**⭐ 1. What This Pattern Solves**

Removes duplicate rows or keeps only the latest record per key. Critical for Silver/Gold tables where each entity should be unique.

Use cases:

Keep latest transaction per CustomerID

Remove duplicate logs before analytics

Ensure unique users in a dataset

Deduplicate based on timestamp or version

**⭐ 2. SQL Equivalent**

In [0]:
%sql
-- Simple deduplication
SELECT DISTINCT CustomerID, OrderDate, Amount
FROM Orders;

-- Keep latest per customer
SELECT *
FROM (
    SELECT *, ROW_NUMBER() OVER (PARTITION BY CustomerID ORDER BY OrderDate DESC) AS rn
    FROM Orders
) t
WHERE rn = 1;

**⭐ 3. Core Idea**

Two main approaches:

Simple deduplication: dropDuplicates(subset=[...]) removes exact duplicates.

Windowed deduplication: Use row_number() over a window to keep the latest or highest-priority row per group.

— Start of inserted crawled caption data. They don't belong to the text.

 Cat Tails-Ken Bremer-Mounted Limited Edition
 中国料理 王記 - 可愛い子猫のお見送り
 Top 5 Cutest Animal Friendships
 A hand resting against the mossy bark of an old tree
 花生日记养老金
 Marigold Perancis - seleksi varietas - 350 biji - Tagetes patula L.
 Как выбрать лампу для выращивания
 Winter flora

**⭐ 4. Template Code (MEMORIZE THIS)**

In [0]:
from pyspark.sql.window import Window
from pyspark.sql import functions as F

# 1. Simple deduplication
df.dropDuplicates(subset=["col1", "col2"])

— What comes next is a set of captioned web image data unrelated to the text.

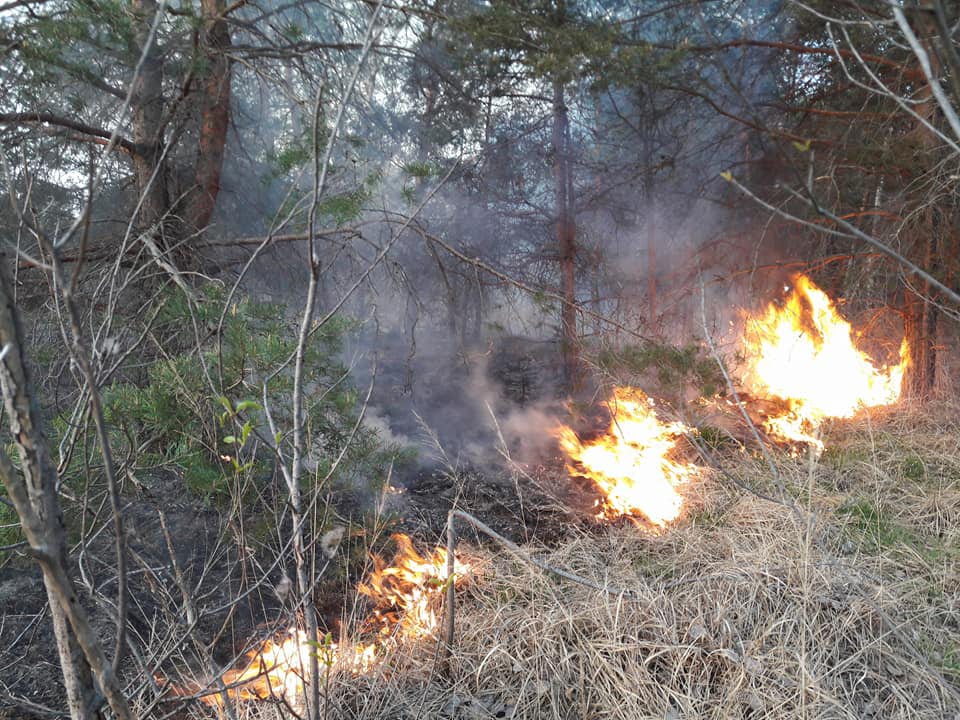 Nuovo incendio nel bosco: in fumo due ettari di Parco delle Groane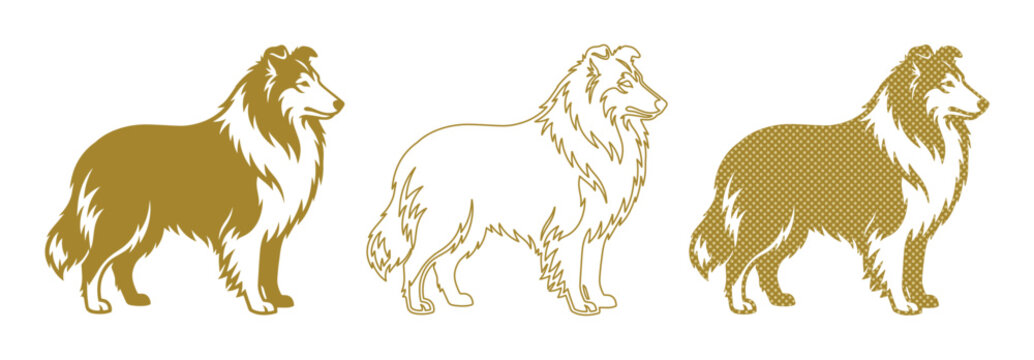 Golden collie dog vector silhouettes, elegant rough collie breed line art set, standing sheepdog illustrations for pet branding and kennel logos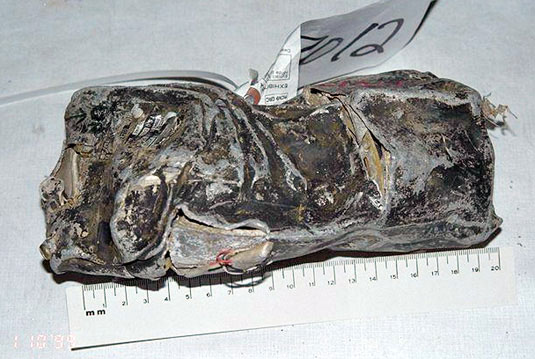 Boîtier du SAI - vue avant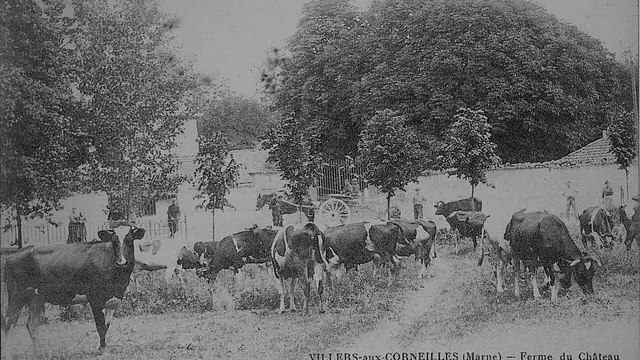 Photo de Villiers-aux-Corneilles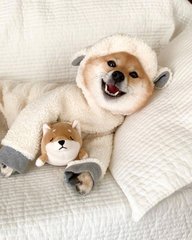 什么是比特币钱包账户注册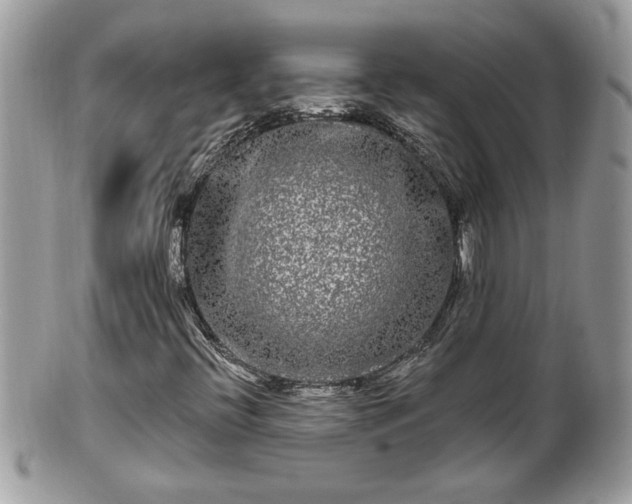 X0000100971396200807011410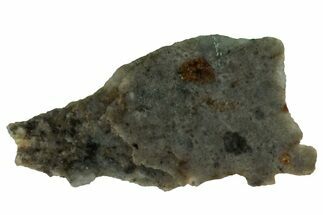 NWA Lunar Meteorite ( g) Slice #307617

# 2. Windowed deduplication (keep latest)
window_spec = Window.partitionBy("col1").orderBy(F.desc("col2"))
df.withColumn("rn", F.row_number().over(window_spec)) \
  .filter("rn = 1") \
  .drop("rn")

**⭐ 5. Detailed Example**

In [0]:
data = [
    ("Alice", "2025-01-01", 100),
    ("Alice", "2025-01-01", 100),  # duplicate
    ("Alice", "2025-01-02", 150),
    ("Bob", "2025-01-01", 200)
]

df = spark.createDataFrame(data, ["Customer", "Date", "Amount"])

# Simple deduplication
deduped_simple = df.dropDuplicates(["Customer", "Date", "Amount"])
deduped_simple.show()

# Windowed deduplication (keep latest Date per Customer)
window_spec = Window.partitionBy("Customer").orderBy(F.desc("Date"))
deduped_window = df.withColumn("rn", F.row_number().over(window_spec)) \
                   .filter("rn = 1") \
                   .drop("rn")
deduped_window.show()

In [0]:
+--------+----------+------+
|Customer|      Date|Amount|
+--------+----------+------+
|Alice   |2025-01-02|   150|
|Bob     |2025-01-01|   200|
+--------+----------+------+


**⭐ 6. Mini Practice Problems**

Drop exact duplicates in a dataset with UserID and SessionID.

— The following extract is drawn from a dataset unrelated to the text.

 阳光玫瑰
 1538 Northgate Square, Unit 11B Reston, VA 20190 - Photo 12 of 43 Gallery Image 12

Keep the latest transaction per CustomerID using window functions.

Deduplicate Product table to keep the highest version number per product.

**⭐ 7. Full Data Engineering Problem**

Scenario: Bronze sales dataset has CustomerID, OrderDate, Amount.

Requirement: Silver table with latest order per customer for analytics.

Steps:

Read Bronze dataset.

Remove exact duplicates using dropDuplicates if necessary.

Define window by CustomerID ordered by OrderDate DESC.

Keep row_number() = 1.

Write Silver table to Delta for downstream reporting.

This mirrors production pipelines where deduplication ensures data integrity in aggregated tables.

**⭐ 8. Time & Space Complexity**

dropDuplicates: O(n), requires shuffle if subset has many columns.

Windowed deduplication: O(n) per partition; depends on partition size; requires memory for ordering.

**⭐ 9. Common Pitfalls**

Using dropDuplicates without specifying subset → may remove unintended rows.

Forgetting orderBy in window → may keep wrong “latest” record.

Not caching large datasets → recomputation cost for multiple window functions.

High-cardinality partitions → memory pressure in windowed deduplication.